The building industry is responsible for about 40% of emissions and harmful impact on the environment. That is more than the share of any other sector of activity. That is why we as architects have a big responsibility in taking seriously the potential that we have in influencing decisions regarding material and structural choices related to the buildings design. The materials we use for building and how we use them make a big difference to sustainability. As a natural, locally available, renewable and recyclable material wood has a great potential in our effort to find ways of reducing the burden on the environment.
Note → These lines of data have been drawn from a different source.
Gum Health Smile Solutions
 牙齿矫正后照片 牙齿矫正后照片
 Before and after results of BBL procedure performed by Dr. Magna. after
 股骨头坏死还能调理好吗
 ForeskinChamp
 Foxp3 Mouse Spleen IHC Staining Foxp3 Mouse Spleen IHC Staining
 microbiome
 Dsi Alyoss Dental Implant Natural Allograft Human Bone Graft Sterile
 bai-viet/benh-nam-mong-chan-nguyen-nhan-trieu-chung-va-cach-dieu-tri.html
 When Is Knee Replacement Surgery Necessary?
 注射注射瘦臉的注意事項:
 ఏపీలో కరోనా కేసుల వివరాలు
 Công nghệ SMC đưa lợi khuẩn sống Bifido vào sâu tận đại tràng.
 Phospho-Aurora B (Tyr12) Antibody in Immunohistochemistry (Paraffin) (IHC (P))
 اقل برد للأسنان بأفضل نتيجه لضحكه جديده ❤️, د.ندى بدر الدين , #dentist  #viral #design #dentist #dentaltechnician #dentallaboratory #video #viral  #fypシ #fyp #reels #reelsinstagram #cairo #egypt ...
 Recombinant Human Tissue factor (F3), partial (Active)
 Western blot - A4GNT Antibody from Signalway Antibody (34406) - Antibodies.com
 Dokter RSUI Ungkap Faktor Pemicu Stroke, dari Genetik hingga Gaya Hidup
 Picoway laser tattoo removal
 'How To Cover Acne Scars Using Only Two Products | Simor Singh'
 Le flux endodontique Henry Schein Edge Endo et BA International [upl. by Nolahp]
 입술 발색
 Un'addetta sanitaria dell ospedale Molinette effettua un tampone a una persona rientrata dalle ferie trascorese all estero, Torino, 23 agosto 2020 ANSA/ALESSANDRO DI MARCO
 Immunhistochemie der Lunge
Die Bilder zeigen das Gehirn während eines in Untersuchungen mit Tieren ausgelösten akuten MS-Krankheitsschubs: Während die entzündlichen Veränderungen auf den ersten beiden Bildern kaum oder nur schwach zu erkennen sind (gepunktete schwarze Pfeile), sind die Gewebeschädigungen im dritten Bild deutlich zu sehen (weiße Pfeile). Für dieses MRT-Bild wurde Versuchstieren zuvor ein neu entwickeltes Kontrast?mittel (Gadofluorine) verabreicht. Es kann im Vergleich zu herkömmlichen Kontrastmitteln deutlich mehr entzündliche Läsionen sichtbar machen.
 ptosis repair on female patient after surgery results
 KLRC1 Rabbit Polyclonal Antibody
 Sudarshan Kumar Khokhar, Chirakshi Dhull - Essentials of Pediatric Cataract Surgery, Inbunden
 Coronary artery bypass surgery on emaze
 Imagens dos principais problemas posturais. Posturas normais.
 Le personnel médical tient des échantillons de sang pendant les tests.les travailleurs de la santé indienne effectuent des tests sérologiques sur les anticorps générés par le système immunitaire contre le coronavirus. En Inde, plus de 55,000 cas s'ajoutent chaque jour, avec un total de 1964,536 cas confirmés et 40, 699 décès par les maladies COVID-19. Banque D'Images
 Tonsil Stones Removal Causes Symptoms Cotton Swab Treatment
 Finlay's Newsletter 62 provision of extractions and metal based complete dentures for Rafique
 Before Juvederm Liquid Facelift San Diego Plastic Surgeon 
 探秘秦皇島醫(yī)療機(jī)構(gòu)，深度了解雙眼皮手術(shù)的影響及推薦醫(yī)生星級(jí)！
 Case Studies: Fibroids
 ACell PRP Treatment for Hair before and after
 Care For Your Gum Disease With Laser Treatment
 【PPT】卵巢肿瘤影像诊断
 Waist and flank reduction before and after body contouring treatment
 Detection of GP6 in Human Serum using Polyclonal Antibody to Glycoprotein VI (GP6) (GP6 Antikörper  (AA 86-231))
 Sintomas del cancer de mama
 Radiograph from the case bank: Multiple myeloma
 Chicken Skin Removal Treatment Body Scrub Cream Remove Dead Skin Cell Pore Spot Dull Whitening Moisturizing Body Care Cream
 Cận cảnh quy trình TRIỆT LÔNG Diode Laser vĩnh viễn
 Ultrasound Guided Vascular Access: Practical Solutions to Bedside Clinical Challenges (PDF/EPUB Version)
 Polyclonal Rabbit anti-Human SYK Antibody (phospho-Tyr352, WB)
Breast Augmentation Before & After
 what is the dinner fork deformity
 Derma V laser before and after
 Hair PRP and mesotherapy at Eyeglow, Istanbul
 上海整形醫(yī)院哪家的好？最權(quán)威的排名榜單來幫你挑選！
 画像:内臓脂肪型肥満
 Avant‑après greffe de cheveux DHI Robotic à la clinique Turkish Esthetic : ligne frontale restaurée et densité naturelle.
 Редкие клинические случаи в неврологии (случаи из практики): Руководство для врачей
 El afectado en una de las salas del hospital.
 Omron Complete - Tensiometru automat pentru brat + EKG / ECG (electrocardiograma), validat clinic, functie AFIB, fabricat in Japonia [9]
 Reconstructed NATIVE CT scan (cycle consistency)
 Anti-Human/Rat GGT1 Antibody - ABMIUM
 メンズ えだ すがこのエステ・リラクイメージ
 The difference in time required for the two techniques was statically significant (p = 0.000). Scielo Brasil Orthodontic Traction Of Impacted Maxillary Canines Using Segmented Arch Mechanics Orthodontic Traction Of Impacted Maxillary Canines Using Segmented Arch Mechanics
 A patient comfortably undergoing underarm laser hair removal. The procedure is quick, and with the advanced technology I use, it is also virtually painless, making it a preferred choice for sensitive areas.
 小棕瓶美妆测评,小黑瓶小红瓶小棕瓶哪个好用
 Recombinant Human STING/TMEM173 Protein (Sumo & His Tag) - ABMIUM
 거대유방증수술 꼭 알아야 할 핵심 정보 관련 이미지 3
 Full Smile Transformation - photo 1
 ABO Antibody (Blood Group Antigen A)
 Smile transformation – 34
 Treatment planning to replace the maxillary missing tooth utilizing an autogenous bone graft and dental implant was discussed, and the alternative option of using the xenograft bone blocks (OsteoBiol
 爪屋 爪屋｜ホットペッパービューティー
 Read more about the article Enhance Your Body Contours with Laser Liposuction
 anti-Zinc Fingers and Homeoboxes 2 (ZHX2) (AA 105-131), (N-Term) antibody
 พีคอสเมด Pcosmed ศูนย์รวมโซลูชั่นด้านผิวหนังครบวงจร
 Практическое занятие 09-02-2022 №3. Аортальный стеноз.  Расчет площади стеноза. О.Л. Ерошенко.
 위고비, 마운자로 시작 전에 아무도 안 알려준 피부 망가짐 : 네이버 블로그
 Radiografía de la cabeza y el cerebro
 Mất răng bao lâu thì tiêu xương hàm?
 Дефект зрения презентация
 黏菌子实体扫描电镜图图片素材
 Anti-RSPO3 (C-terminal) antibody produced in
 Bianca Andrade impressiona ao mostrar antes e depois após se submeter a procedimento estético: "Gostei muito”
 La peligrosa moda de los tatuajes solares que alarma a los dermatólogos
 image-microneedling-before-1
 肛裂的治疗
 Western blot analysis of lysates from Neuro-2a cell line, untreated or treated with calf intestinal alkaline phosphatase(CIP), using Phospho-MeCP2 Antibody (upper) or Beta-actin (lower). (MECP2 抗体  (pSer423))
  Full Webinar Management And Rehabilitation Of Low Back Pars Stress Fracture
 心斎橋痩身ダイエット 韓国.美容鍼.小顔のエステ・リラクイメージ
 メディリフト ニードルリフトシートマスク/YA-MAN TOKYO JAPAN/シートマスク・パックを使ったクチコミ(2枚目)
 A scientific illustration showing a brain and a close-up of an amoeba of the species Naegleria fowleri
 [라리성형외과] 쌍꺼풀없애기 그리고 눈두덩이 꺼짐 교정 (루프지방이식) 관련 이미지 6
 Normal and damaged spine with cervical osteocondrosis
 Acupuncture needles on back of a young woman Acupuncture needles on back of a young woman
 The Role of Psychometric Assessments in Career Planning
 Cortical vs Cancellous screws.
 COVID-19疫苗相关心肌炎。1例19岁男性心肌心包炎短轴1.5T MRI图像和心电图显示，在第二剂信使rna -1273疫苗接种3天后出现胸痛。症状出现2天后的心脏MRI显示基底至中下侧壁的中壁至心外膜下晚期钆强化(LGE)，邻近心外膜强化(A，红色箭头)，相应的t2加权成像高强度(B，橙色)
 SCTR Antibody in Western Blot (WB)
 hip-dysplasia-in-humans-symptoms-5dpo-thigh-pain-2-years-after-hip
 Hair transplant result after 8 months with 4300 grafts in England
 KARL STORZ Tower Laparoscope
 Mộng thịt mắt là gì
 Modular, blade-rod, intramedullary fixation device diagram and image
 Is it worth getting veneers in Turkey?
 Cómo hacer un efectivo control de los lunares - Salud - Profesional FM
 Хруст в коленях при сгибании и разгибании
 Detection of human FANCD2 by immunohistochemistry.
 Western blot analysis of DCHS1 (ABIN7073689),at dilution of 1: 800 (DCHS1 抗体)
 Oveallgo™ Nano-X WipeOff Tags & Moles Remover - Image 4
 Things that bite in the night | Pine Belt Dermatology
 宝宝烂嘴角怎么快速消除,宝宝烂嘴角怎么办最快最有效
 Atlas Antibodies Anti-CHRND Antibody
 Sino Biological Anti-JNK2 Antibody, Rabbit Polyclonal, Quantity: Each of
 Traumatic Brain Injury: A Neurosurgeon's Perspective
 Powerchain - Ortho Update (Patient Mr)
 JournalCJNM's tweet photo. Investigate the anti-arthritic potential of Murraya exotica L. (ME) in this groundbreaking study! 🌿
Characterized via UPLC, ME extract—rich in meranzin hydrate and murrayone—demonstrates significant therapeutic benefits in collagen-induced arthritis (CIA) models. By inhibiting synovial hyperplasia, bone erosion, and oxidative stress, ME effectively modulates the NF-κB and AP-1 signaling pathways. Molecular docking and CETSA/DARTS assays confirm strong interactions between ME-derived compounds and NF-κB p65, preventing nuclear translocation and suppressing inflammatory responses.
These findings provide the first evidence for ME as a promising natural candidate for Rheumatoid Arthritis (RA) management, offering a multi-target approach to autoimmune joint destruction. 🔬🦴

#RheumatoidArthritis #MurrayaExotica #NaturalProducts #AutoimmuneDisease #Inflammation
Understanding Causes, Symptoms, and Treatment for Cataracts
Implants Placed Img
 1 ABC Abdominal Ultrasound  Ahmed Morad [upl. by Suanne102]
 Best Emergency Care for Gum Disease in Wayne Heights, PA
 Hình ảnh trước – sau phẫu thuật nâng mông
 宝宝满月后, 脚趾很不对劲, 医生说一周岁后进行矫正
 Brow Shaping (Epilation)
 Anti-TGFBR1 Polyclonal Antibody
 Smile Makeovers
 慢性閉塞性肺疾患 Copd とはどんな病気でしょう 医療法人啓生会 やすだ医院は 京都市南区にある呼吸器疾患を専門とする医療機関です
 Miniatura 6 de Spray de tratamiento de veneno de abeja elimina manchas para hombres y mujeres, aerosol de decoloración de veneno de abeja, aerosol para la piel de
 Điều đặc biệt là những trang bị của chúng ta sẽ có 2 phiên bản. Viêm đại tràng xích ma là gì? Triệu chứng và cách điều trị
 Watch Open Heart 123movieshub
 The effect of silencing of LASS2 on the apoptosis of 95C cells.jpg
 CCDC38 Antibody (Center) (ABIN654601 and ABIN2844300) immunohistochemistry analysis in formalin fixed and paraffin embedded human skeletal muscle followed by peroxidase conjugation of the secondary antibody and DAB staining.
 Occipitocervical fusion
Working with wood and mass timber to explore its potential for developing ecologically and socially sustainable solutions to the contemporary needs of urban housing and public buildings is a key focus in the work of the office. We are also interested in developing new systems of flexibly customizable modularity. The Puukuokka Block by OOPEAA is an illustration of the potential of a system of volumetric modules made of CLT in creating multi-story apartment buildings with a fully wooden frame and structure. The Global Concept for the Allas Sea Pool Family developed by OOPEAA is an example of the applying the modular principle in a scalable concept with the capacity for flexible adaptation for sites in different parts of the world.

Research

There is an active focus on research and development at OOPEAA. We are interested in exploring the potential of finding optimal solutions that support both the social and ecological aspects of sustainability while simultaneously being economically efficient in a long-term perspective. In recent years, our interest in finding ways to optimize the use of material and create solutions that are architectonically and technically sustainable has led to our involvement in research projects with a focus on sustainability. Most recently, we have initiated a research and development project for a web based evaluation tool to assess the impact of the material and structural choices on the ecological sustainability of a building project that could be used already in the early stages of concept design in order to help to guide the design process. The working name for the tool is Life Cycle Visualizer. There is also an ongoing focus on exploring the potential of modularity and the application of mass timber as a sustainable solution to the needs of urban housing and public buildings.